O programa que junta Fátima Lopes e Rúben Rua chega uma semana após o final da segunda temporada de "Pesadelo na Cozinha". Domingo, dia 18 de novembro, chega o programa que promove o primeiro encontro entre dois desconhecidos. Durante um jantar, que terá a intervenção dos dois apresentadores, os dois concorrentes conversam entre si e decidem se querem ou não continuar a encontrar-se. "First Dates", adaptado em vários países, já foi comparado a "Casados à Primeira Vista", da SIC. 

 

Fátima Lopes defendeu-se das comparações, afirmando que o seu programa "não tem nada a ver" com o da concorrência.

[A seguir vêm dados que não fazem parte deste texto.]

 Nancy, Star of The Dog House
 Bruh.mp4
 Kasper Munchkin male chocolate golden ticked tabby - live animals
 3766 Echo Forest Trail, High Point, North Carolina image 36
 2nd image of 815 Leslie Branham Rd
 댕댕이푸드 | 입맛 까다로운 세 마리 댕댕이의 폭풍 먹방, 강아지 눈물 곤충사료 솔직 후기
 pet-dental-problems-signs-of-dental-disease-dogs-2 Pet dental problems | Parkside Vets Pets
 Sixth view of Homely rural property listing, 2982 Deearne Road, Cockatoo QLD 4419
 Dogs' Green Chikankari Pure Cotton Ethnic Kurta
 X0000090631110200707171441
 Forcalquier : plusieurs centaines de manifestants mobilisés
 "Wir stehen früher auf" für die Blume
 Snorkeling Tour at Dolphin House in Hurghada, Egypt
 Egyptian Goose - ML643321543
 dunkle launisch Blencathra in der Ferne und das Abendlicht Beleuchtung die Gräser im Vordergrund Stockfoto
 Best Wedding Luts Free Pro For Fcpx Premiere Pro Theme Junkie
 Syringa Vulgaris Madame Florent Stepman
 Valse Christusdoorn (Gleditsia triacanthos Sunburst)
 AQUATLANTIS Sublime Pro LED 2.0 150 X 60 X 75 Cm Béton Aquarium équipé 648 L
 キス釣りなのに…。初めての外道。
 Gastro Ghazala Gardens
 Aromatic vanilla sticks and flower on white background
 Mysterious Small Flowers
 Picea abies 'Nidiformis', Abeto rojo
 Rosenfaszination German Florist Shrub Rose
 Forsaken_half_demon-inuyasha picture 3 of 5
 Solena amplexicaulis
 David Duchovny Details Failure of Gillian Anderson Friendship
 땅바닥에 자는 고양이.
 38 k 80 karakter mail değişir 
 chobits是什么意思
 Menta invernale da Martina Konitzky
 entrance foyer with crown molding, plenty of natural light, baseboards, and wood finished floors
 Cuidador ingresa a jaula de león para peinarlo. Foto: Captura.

Fotografia.: Logotipo de "A Teia"

 

Logo no dia seguinte, 19 de novembro, "A Teia" chega para substituir "Jogo Duplo" no horário nobre da TVI. A novela conta a história de Margarida (Mafalda Marafusta) que, ao receber uma mensagem no telemóvel e sem dizer nada à família, encontra-se em segredo com António (Diogo Morgado), com quem não contactava há muitos anos. Dias depois, os dois assaltam um banco utilizando um colar-bomba.

 

É este o fio condutor do policial proposto pelo canal de Queluz de Baixo. Alguma Imprensa comparou a trama com o sucesso brasileiro dos anos 1990, "A Próxima Vítima", emitida pela SIC. Na novela brasileira, as mortes de personagens eram uma constante sem nunca se saber quem cometia o crime.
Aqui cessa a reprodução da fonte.